5. PRIMARY KEY ((dev_id, day), rec_time) : Its behaviour is almost similar to 4th one.
6. PRIMARY KEY ((year, dev_id), day, rec_time) : It is good for lower number of devices but worst cast for higher number of devices. It somehow tries to solve the problem of all data of single device in one partition as it created a partition over year and device id.
7. PRIMARY KEY ((year, day), dev_id, rec_time) : The execution time only depends on number of days only, irrespective of number of devices being queried but it is never the worst case. Moreover it has same hotspot issue as mentioned in 2nd PRIMARY KEY.
8. PRIMARY KEY ((year, dev_id, day), rec_time) : Its behavior is also to 4th PRIMARY KEY. Moreover adding year field just adds an additional cost as date is already there.
9. PRIMARY KEY ((year, day, dev_id), rec_time) : Its behavior is similar to 8th PRIMARY KEY.

Other Observations:

We observed that having a multi-field partition key allows for fast querying only if the "=" is used going left to right. If an IN() (for specifying eg. range of time or list of devices) is used once that order, than any further usage of IN() removes any benefit (i.e. a near full table scan).

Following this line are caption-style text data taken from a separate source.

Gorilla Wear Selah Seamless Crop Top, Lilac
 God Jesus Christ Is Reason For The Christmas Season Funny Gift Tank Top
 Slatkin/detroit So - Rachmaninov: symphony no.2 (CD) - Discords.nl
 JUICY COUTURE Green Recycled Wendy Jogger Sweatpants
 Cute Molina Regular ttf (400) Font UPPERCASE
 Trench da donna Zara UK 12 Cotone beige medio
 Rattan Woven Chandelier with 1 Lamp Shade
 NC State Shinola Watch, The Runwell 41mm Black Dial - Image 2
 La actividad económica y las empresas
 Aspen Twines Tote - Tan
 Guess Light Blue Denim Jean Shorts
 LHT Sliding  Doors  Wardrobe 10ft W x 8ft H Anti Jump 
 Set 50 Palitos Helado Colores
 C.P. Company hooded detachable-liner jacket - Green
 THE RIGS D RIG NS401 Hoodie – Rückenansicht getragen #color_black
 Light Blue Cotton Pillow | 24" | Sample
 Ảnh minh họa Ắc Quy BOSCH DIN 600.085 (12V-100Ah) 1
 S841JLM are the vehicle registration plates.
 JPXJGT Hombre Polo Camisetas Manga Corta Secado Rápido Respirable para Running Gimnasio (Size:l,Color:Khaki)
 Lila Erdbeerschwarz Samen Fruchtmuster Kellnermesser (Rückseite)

Another useful observation was that using the IN() to query for days is less useful than putting in a range query.

Conclusion:

The main takeaways from this benchmarking is that we don't have a single schema to answer our (IoT) use case without any drawbacks. Thus while the ((day, dev_id), rec_time) gives a constant response, it is dependent entirely on the total data size (full scan). On the other hand, (dev_id, day, rec_time) and its counterpart (day, dev_id, rec_time) provide acceptable results, we have the issue of very large partition space in the first, and hotspot while writing for the latter case.